WORK TO COMPLETE:
Shown below is a listing with pictures; reproduce exactly, and only, the lines between the ones containing "Stick it back" and "All right guys, thanks", inclusive, leaving the pictures out.

*** DATA FOR THIS TASK ***

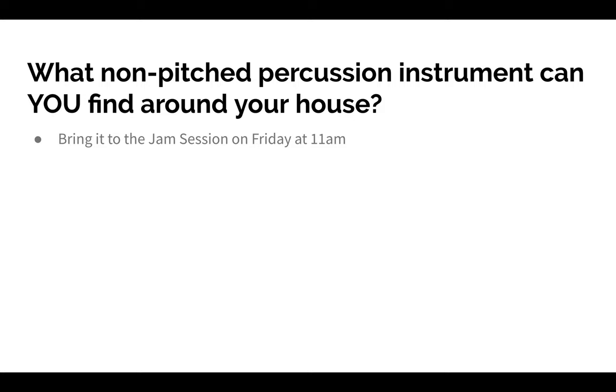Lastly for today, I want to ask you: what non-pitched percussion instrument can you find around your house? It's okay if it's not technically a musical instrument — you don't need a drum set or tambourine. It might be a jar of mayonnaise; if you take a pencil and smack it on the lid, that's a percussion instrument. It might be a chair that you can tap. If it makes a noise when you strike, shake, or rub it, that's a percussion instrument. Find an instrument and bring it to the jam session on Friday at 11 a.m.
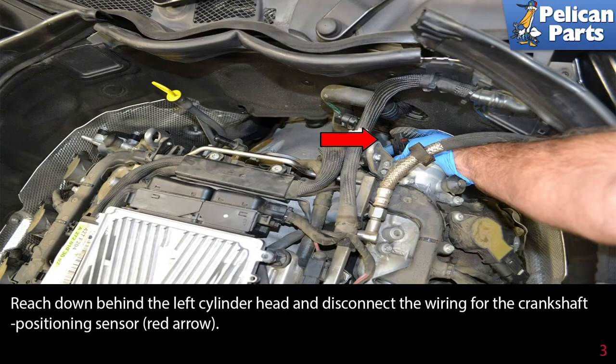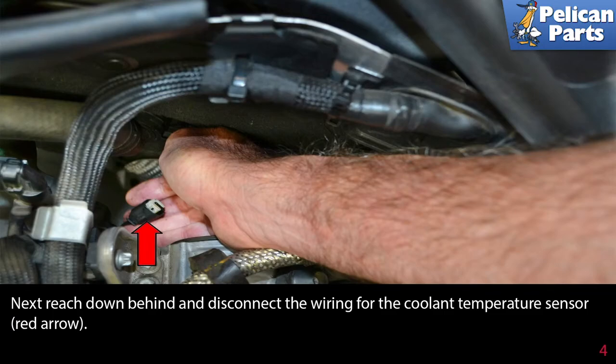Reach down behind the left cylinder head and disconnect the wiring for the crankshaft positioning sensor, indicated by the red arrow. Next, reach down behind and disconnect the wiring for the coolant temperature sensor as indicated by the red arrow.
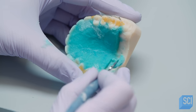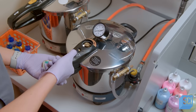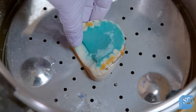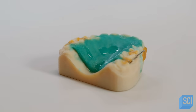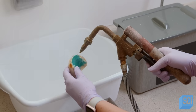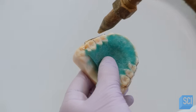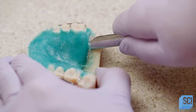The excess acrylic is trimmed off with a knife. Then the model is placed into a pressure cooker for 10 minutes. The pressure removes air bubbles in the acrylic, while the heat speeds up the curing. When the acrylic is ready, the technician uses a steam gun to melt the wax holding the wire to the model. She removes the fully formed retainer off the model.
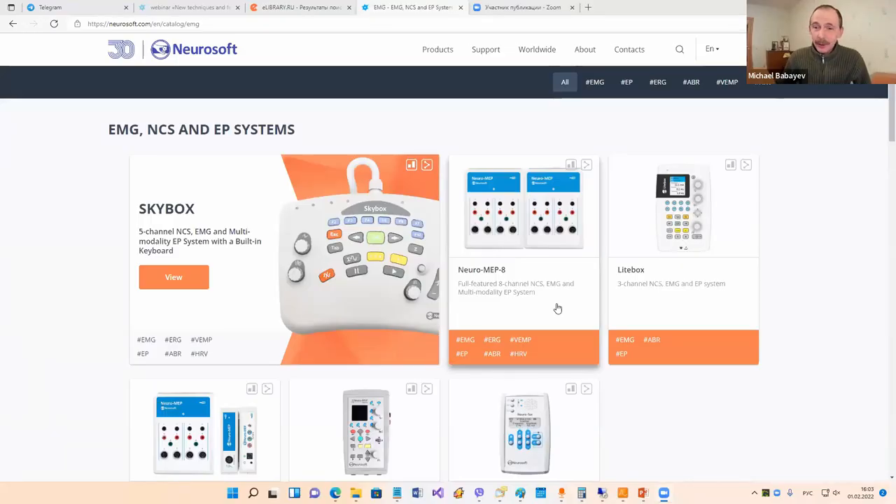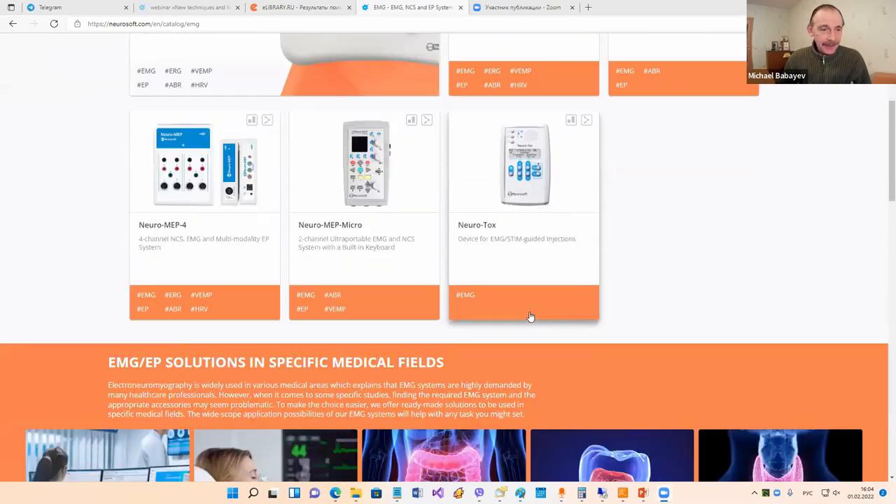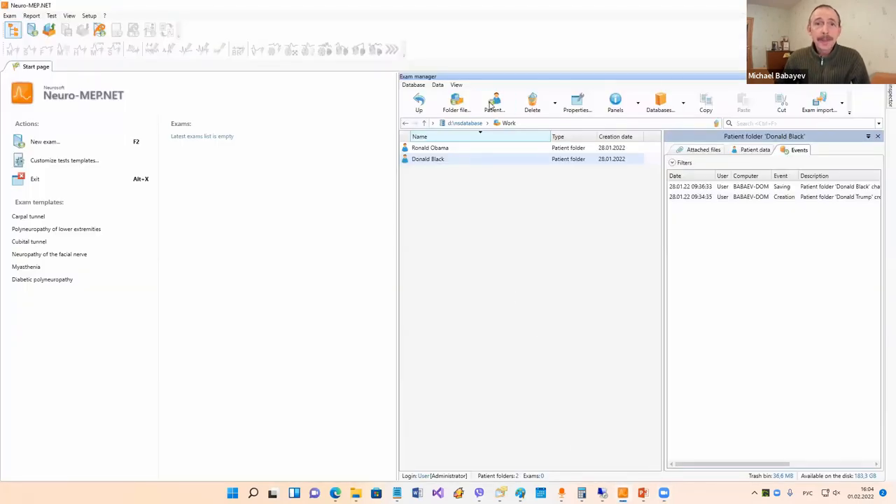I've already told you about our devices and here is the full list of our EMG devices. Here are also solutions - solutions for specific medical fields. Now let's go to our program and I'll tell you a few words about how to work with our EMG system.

*** End of DATA FOR THIS TASK ***
*** DATA FOR THIS TASK ***

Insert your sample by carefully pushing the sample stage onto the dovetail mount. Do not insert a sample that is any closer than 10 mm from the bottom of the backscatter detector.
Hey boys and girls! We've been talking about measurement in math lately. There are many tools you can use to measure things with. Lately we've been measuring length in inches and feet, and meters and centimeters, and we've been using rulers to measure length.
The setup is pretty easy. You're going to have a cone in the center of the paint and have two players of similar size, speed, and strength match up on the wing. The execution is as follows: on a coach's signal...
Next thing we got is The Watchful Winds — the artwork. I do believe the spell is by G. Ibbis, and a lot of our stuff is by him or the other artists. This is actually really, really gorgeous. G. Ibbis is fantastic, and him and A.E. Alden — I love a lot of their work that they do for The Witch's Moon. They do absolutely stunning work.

*** End of DATA FOR THIS TASK ***
*** DATA FOR THIS TASK ***

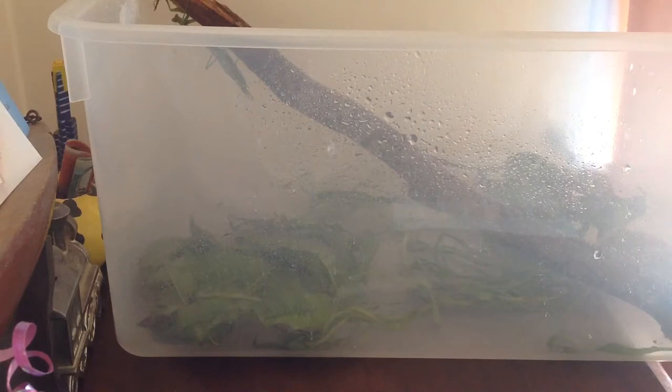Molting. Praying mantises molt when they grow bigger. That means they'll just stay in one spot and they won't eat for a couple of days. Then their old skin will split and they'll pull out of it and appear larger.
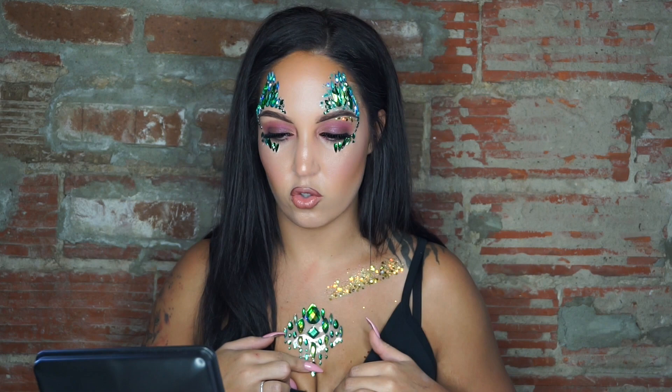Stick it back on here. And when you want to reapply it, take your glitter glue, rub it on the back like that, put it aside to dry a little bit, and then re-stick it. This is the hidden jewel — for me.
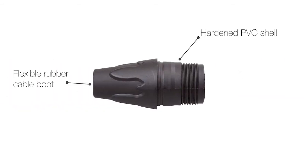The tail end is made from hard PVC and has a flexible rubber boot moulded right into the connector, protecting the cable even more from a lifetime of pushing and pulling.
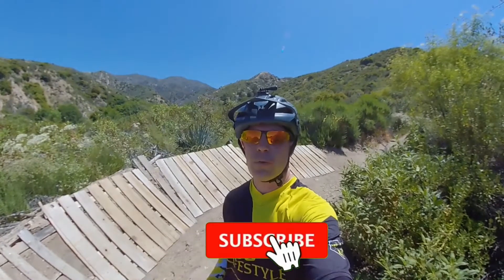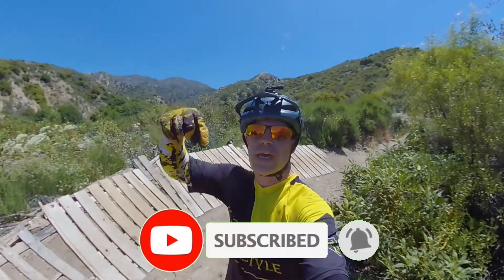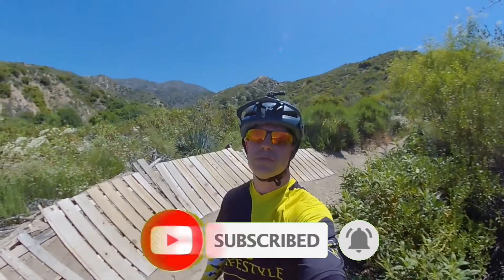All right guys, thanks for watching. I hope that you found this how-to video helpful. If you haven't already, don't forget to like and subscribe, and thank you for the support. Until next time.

*** End of DATA FOR THIS TASK ***

WRITTEN REPLY:
Stick it back on here. And when you want to reapply it, take your glitter glue, rub it on the back like that, put it aside to dry a little bit, and then re-stick it. This is the hidden jewel — for me.
The tail end is made from hard PVC and has a flexible rubber boot moulded right into the connector, protecting the cable even more from a lifetime of pushing and pulling.
All right guys, thanks for watching. I hope that you found this how-to video helpful. If you haven't already, don't forget to like and subscribe, and thank you for the support. Until next time.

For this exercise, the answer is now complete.